Всякий раз, когда мы находили новые палатки, в моих ногах появлялись силы. Может это наш лагерь? Нет, опять не он. Моя психика совершала очередной провал. Я часто останавливался, заваливался на бок и вглядывался во мрак. Все мотивировки улетучивались, когда я начинал сомневаться, что мы когда-нибудь найдем палатки — заставить себя подняться и идти было невозможно.

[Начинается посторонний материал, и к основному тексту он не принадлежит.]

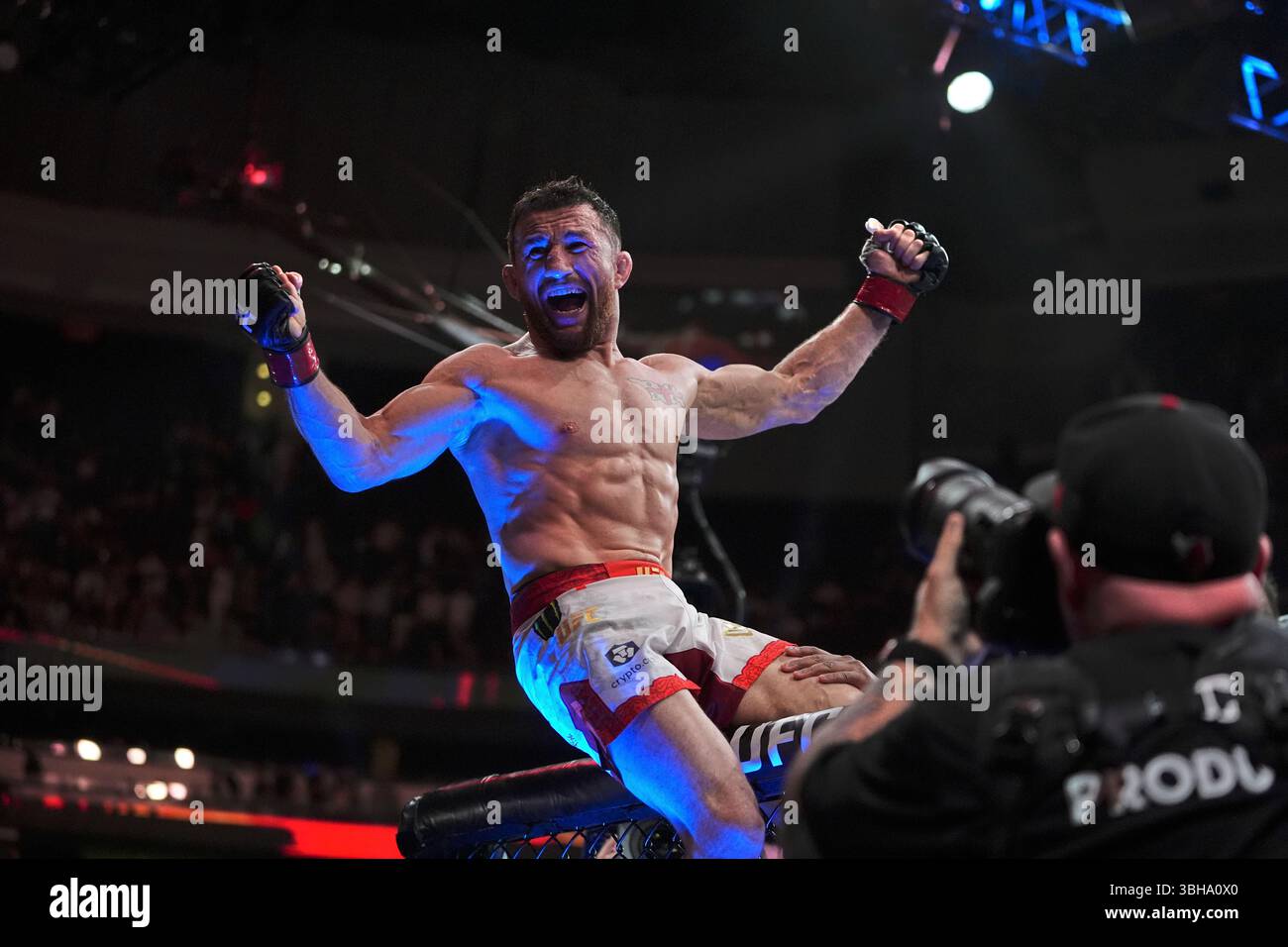 Georgia's Merab Dvalishvili, left, celebrates after winning. his ...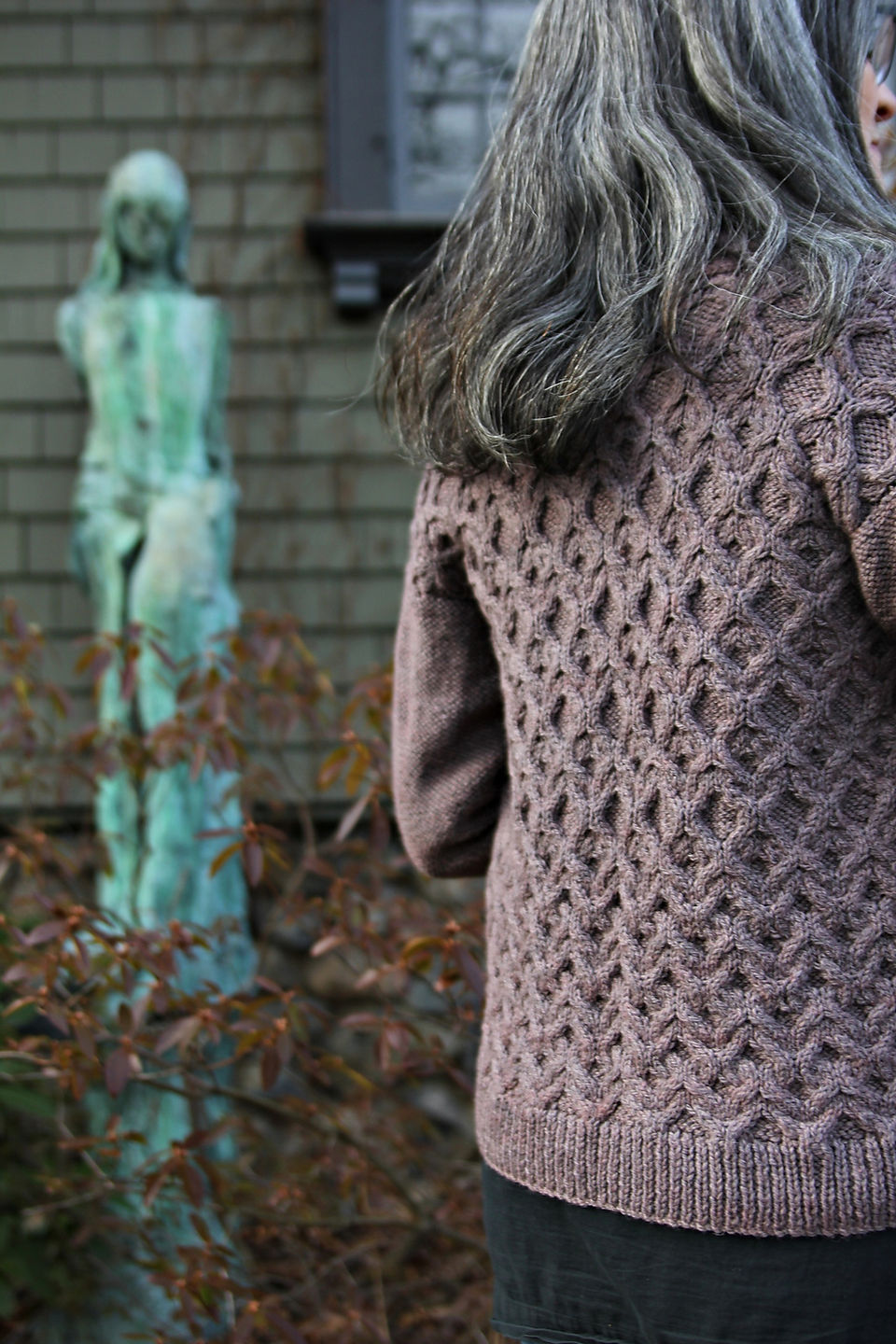 woman stands with her back to camera in knit sweater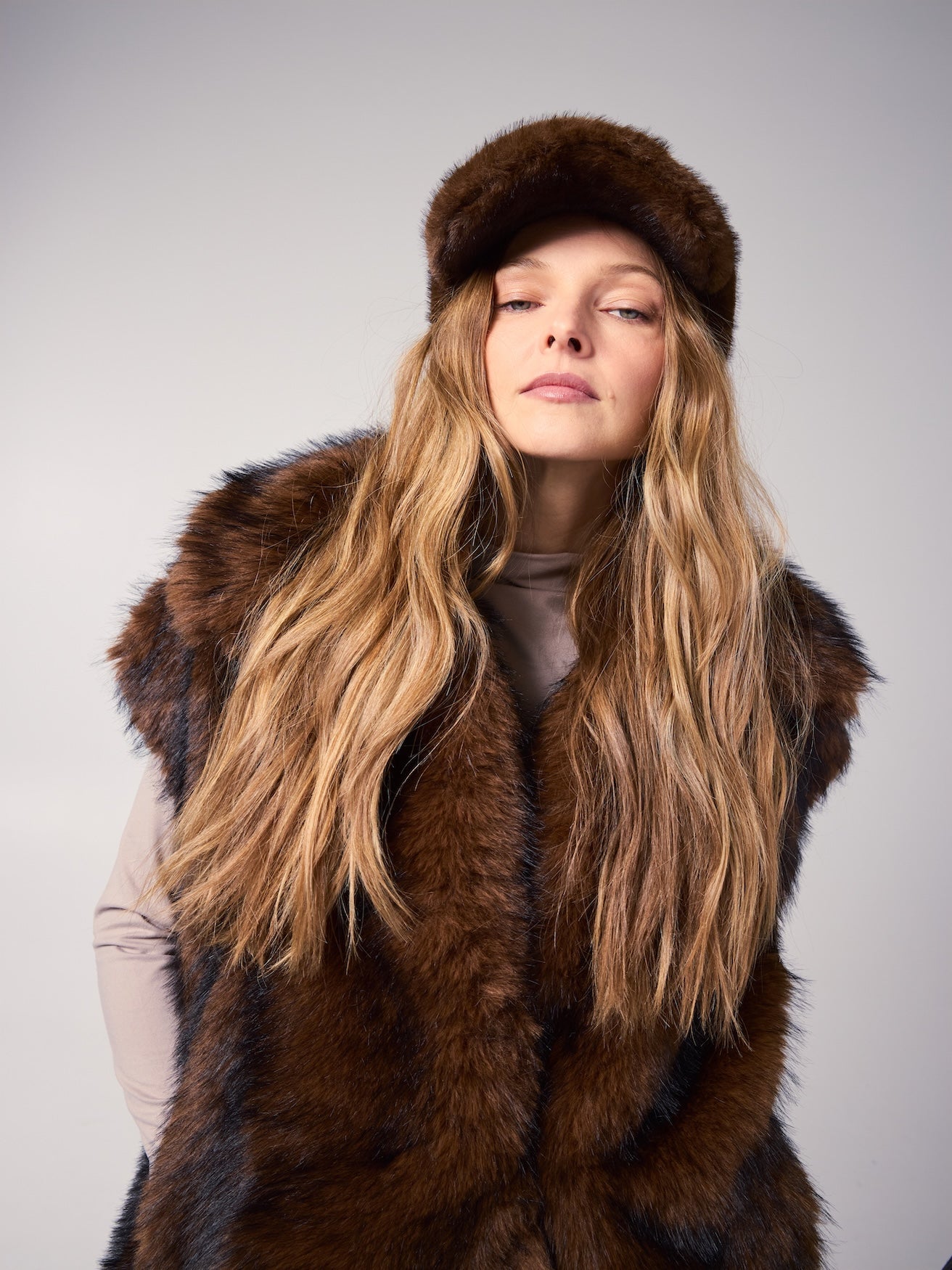 MIA vest in Grizzly — model wearing a vegan faux fur vest with rich brown tones, styled with a matching faux fur cap for a sophisticated cold-weather editorial look.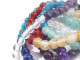 This Dakota Stones Chakra Stones 6mm Large Hole Round Bead Strand contains 8 different varieties of gemstones representing the different Chakras. The included gemstones are Amethyst, Lapis, Blue Apatite, Green Aventurine, Citrine, Carnelian, Red Garnet and Crystal Quartz.  Their large hole makes them easy to use with thicker stringing materials. Each strand includes approximately 64 beads, with about 8 in each color. Size: 6mm Hole Size: 1.5mm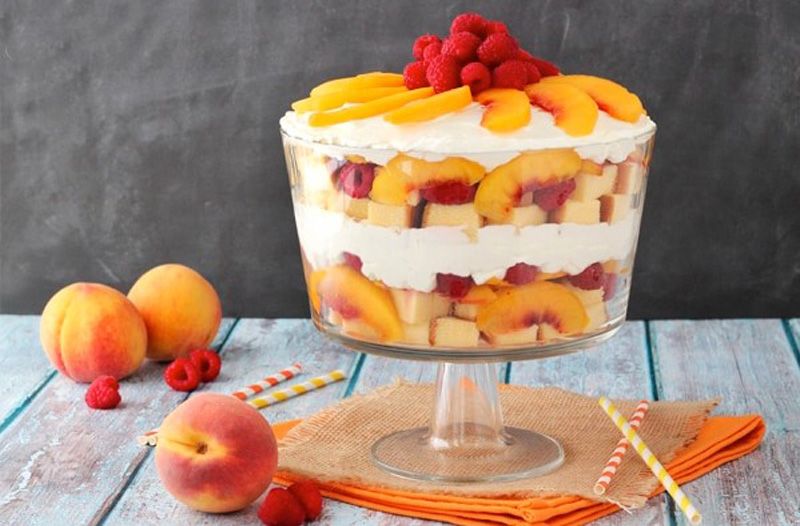 Peach and raspberry layered dessert in a glass trifle bowl.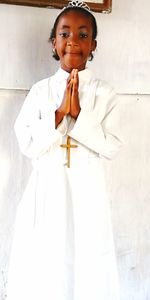 Portrait of a smiling young woman standing against white wall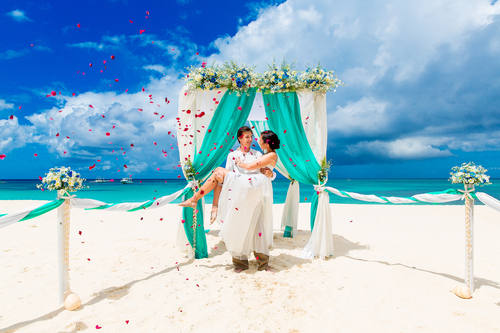 bride groom just married beach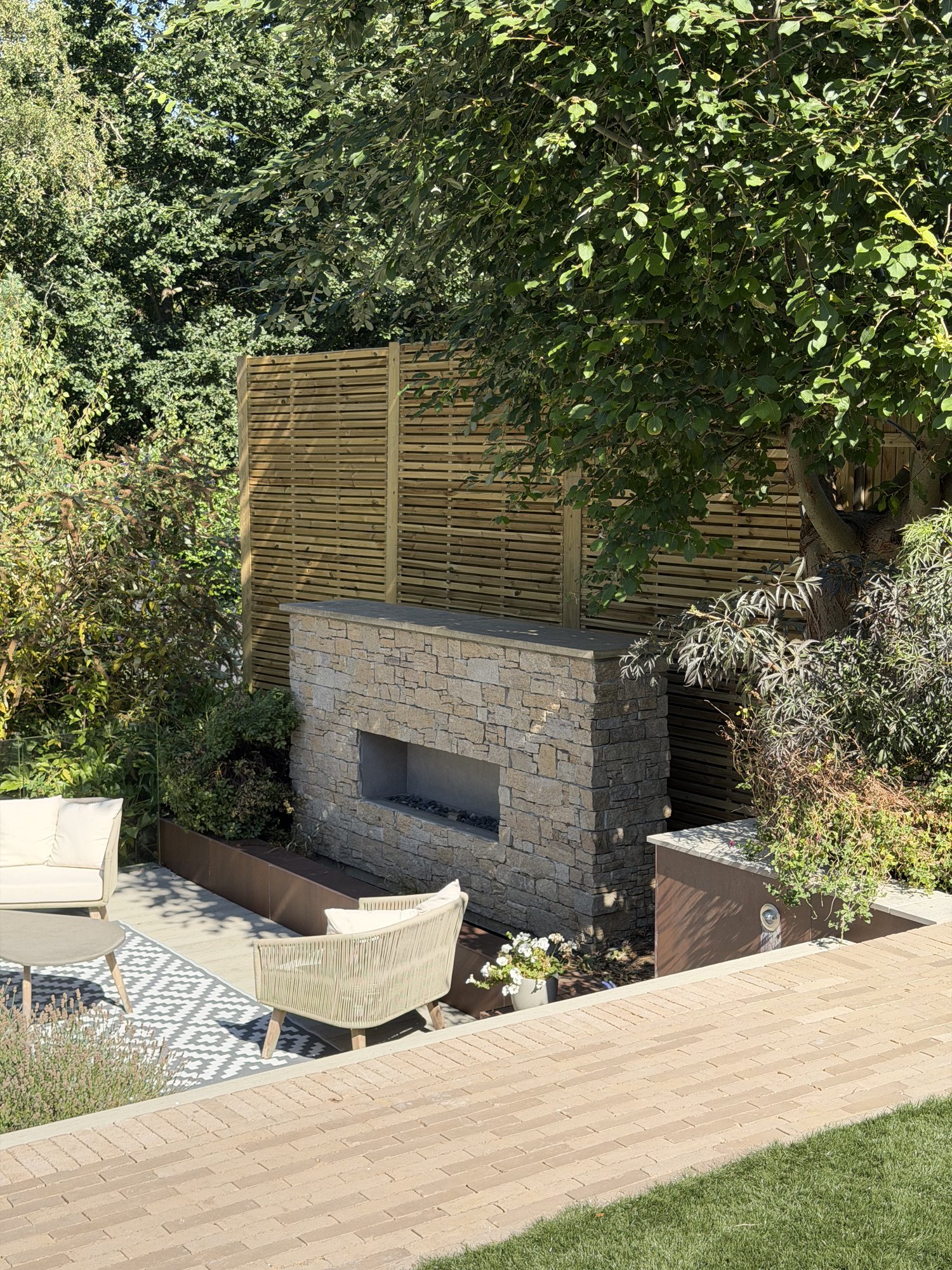 Stone fireplace and lounge terrace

Ал, который был в лучшем состоянии, ждал меня, предаваясь любимому занятию — просматривал мусор на старых стоянках.
— Смотри, похоже, здесь были японцы, — бормотал он, показывая мне сделанный из фольги пакетик соуса для макарон.
Я пробурчал односложный ответ, но моё внимание было рассеянным. Высотный «таракан» в моей голове зашуршал снова. Что за проблема с поиском лагеря 5? Кто этим занимался? Зачем идти через все эти мучения? Тут полно палаток — занимай и спи в любой.
Видимость улучшилась, приоткрыв ледник под нами. Открылась Чангцзе, а под ней Северное седло. Я смог различить только маленькие пятна нашего лагеря, где сегодня отдыхала команда Б.
Когда мы преодолели очередной маленький подъём, то обнаружили три палатки. Ничего не подозревая, мы отдыхали минут десять — пятнадцать всего в нескольких метрах от них. На шум высунулась голова Мингмы.
— Сюда!
Мы сели перед палаткой шерпов и стали пить горячий чай из термосов. Последние два дня шерпы ждали нас и вздохнули с облегчением, когда мы подошли. Они спали с кислородом, который помогал им, но, тем не менее, хотели бы быстрее покинуть лагерь 5.
— Байи пошёл вниз? — Лакра назвал Брайана по-шерпски.
— Да, Байи спекся, — ответил Ал.
— А остальные?
— Саймон подойдет завтра с Роджером, Тором и Сандипом.
— Ладно. Мы идем в шестой завтра.
— Да. Какая будет погода?
С профессиональным видом человека, проведшего жизнь в условиях изменчивой гималайской погоды, Лакра высунулся из палатки и глянул на вершину.
— Возможно, будет сильный ветер.
Я постоянно открывал для себя магическое действие чая. Пока Ал обсуждал с шерпами детали завтрашнего восхождения, я начал замечать, в какой грязи установлены наши палатки.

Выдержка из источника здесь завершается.